In 2010, the Los Angeles Times outraged educators nationwide with an ambitious and never-before-attempted project rating 11,500 teachers in Los Angeles by mining student test scores.

The ratings purportedly reflected the value teachers added to their students’ academic performance. The newspaper accorded teachers the designations of least effective, less effective, average, more effective, and most effective.

At the time, many states had convened blue-ribbon panels to improve schools and most seized on teacher quality as the weak link.

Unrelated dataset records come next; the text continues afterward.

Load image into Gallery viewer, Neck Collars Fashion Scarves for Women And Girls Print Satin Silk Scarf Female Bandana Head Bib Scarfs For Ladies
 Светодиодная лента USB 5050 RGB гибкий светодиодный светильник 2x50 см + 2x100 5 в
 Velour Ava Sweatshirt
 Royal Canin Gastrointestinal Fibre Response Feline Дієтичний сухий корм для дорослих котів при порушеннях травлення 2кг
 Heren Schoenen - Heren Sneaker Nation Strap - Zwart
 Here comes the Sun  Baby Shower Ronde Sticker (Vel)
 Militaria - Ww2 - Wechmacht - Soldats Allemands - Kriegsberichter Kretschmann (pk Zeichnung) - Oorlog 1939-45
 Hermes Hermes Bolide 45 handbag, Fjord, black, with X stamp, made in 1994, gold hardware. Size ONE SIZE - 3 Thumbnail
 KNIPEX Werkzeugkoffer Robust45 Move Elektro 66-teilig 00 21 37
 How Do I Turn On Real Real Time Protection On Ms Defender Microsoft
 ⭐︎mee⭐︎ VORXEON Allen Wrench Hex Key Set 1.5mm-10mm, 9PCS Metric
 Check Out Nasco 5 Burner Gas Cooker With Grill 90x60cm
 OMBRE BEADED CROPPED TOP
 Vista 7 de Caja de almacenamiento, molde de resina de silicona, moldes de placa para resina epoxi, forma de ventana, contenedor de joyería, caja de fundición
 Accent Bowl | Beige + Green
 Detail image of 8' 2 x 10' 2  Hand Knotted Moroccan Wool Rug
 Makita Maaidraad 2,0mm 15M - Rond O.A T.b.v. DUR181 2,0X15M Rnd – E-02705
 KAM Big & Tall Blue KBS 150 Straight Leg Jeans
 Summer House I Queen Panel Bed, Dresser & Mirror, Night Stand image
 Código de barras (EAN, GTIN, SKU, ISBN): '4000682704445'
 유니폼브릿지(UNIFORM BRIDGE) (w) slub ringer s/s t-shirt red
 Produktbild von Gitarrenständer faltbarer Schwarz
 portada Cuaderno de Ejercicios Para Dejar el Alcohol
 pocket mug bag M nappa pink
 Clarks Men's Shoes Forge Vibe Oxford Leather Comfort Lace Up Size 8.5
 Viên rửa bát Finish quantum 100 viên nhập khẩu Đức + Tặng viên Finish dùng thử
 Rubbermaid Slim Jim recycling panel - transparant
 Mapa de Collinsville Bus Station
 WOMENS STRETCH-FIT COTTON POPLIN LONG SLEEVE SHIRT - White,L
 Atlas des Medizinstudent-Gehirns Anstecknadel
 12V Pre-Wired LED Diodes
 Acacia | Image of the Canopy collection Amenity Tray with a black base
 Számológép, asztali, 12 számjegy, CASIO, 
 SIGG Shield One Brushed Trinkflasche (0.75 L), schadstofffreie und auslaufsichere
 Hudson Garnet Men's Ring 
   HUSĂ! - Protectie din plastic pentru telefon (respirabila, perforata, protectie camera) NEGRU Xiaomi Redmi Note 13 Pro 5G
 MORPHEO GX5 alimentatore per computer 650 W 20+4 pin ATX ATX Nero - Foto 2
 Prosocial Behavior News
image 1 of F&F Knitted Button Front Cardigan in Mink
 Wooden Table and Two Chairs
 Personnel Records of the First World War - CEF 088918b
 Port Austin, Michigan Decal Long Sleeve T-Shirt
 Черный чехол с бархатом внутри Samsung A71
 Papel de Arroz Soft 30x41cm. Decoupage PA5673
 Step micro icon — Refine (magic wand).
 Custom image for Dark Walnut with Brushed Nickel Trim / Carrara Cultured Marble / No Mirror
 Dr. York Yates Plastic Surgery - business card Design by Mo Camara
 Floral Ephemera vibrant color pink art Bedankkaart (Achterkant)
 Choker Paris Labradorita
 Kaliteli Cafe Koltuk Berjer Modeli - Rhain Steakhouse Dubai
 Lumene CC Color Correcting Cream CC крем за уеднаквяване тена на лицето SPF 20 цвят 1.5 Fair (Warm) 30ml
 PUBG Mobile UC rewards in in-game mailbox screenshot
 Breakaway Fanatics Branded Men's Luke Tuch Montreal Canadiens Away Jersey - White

In rolling out its ratings, the LA Times explained:

Seeking to shed light on the problem, The Times obtained seven years of math and English test scores from the Los Angeles Unified School District and used the information to estimate the effectiveness of L.A. teachers — something the district could do but has not.

The Times used a statistical approach known as value-added analysis, which rates teachers based on their students' progress on standardized tests from year to year. Each student's performance is compared with his or her own in past years, which largely controls for outside influences often blamed for academic failure: poverty, prior learning and other factors. Though controversial among teachers and others, the method has been increasingly embraced by education leaders and policymakers across the country, including the Obama administration.

In a recent piece in Chalkbeat, writer Matt Barnum looked at the response to the LA Times story, writing:

In 2010, then-Secretary of Education Arne Duncan praised the publication of teacher ratings. He used federal carrots and sticks to encourage states to use student test scores as part of how teachers are judged, a policy most states adopted.

But since then, states like New York and Virginia have barred the public release of this performance data, while media organizations have increasingly shied away from publicizing them. The new teacher evaluation systems have run into political challenges, and in some cases not had the hoped-for effects on student performance. And the federal education law passed in 2016 specifically banned the secretary of education from pushing teacher evaluation rules.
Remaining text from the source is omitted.